A film course which examines the history of Hollywood’s biggest films, why some succeed and some fail, how their genres fail and what they offer their audiences.

Since the 1950s, the term ‘blockbuster’ has been used to refer to Hollywood’s most expensive and most commercially successful movies. It is well known that in recent years these have tended to be Science Fiction and fantasy films, which are often based on bestselling novels or on comic books; many are sequels to previous movies. But what were Hollywood’s biggest productions and biggest hits in the past? Why do blockbusters change over time? Why do some expensive movies succeed at the box office while others fail? Which pleasures and meanings do the successful films offer to their vast audiences? Who are the people and companies making such films?

The day school approaches these questions from a range of perspectives, including reflections on our own movie experiences (in the cinema as well as on the small screen), the examination of (US and global) box office charts, and the analysis of particular film sequences. Going back all the way to the late 1930s, we will be dealing with animated features, historical epics, international adventures and musicals, with taboo-breaking films and disaster movies, and most especially with the impact of Star Wars.

Tutor: Peter Krämer
Friends Meeting House

About the tutor:
Peter Krämer (p.kramer@uea.ac.uk) is a Senior Research Fellow in Cinema & TV in the Leicester Media School at De Montfort University (Leicester). He also is a Senior Fellow in the School of Art, Media and American Studies at the University of East Anglia (Norwich) as well as a regular guest lecturer at Masaryk University (Brno, Czech Republic) and at the University of Television and Film Munich (Germany). He is the author or editor of ten academic books, including The New Hollywood: From Bonnie and Clyde to Star Wars (Wallflower, 2005), The Hollywood Renaissance: Revisiting American Cinema’s Most Celebrated Era (co-edited with Yannis Tzioumakis, Bloomsbury Academic, 2018) and  Grease is the Word’: Exploring a Cultural Phenomenon (co-edited with Oliver Gruner, Anthem, 2019).

11.00 Introduction
We will introduce ourselves and explain why we have chosen this day school and what our specific interest in Hollywood blockbusters is.

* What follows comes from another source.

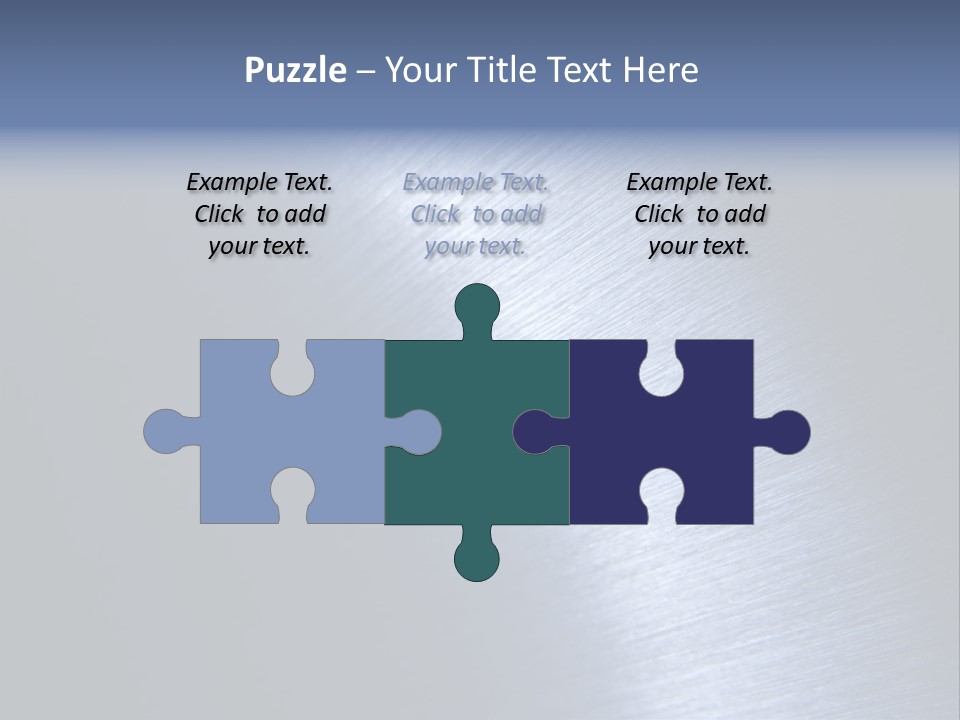 A Shiny Metal Surface With The Words Name Of Presentation PowerPoint Template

11.15 Discussion of key terms
How can we define ‘Hollywood’? And what is a ‘blockbuster’?
We will also discuss film examples that are of particular importance or interest to us (including perhaps expensive productions that failed at the box office).

11.30 Reflecting on Disney
Disney’s animated features have often played an important role in people’s childhoods, which is why we are going to watch key scenes from Bambi (1942) and The Lion King (1994). Both films feature hugely traumatic moments, and the latter film is also the starting point for one of Hollywood’s biggest franchises (which includes sequels, spin-offs, remakes, a stage version, merchandise etc.).
What have been our own experiences with these films?
How could we describe what these films are about?

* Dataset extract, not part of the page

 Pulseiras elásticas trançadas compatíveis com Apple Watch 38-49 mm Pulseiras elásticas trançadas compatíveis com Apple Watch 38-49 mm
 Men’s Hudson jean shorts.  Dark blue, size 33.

12.30 The biggest hits at the US box office since the 1930s
We are going to look at an inflation-adjusted chart of the fifty top-grossing films in American cinemas since the 1930s, broken down into several periods (before 1949, 1949-66, 1967-76, since 1977).
What do the films in each period have in common?
Do these commonalities change from one period to the next?
And if they do, what might be the reasons for such change?
What can we say about the Disney films in this chart?
In what ways does Star Wars (1977) stand out?
What have been our own experiences with Star Wars (and everything associated with it)?

13.00 Lunch break

13.45 Analysing Star Wars
We are going to watch and discuss the first few minutes of the film:
What kind of story is being set up at the beginning of the film?
And how does this relate to the story that is being told in the rest of the film?
What kinds of attractions are being offered?
How does the opening try to appeal to a range of audiences (young and old, male and female, American and non-American etc.)?
We will also take a look at the film’s marketing (its poster, its release pattern in the US, pre-release research on the potential audience etc.).

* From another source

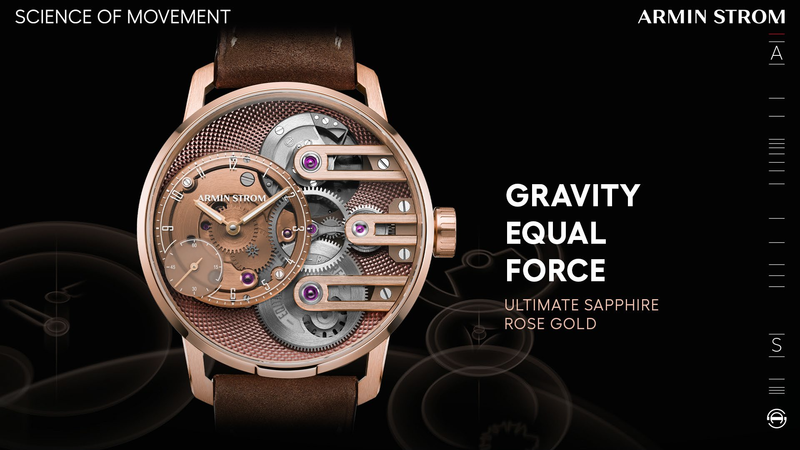 Gravity Equal Force Ultimate Sapphire Rose Gold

14.45 The biggest hits at the global box office since the 1970s
We will examine a chart which lists the ten biggest hits in cinemas around the world for each five-year period since 1977.
What do the films in each period have in common?
Do these commonalities change over time?
And if they do, what might be the reasons for such change?
In what ways do many of the films refer back to Star Wars?

15.30 Coffee break

16.00 Analysing Titanic
How could we characterise Titanic (1997)?
And in what ways does this film differ from the other global hits in the surrounding decades?
We are going to examine the film’s poster, and then watch and discuss the first few minutes of the film and also its ending.

16.45 Analysing Avatar 
If we could adjust global box office revenues for ticket price inflation, then Titanic and Avatar (2009) would still be the biggest global hits of all time. Intriguingly, both films were written, directed and produced by the same man: James Cameron.
We are going to examine the poster for Avatar, and then watch and discuss the opening and the ending of the film.
How does this film relate to Titanic, to Star Wars and to the hit patterns we have identified across the preceding seven decades?
How does it relate to real-world issues today?
What, if anything, does it have to tell us?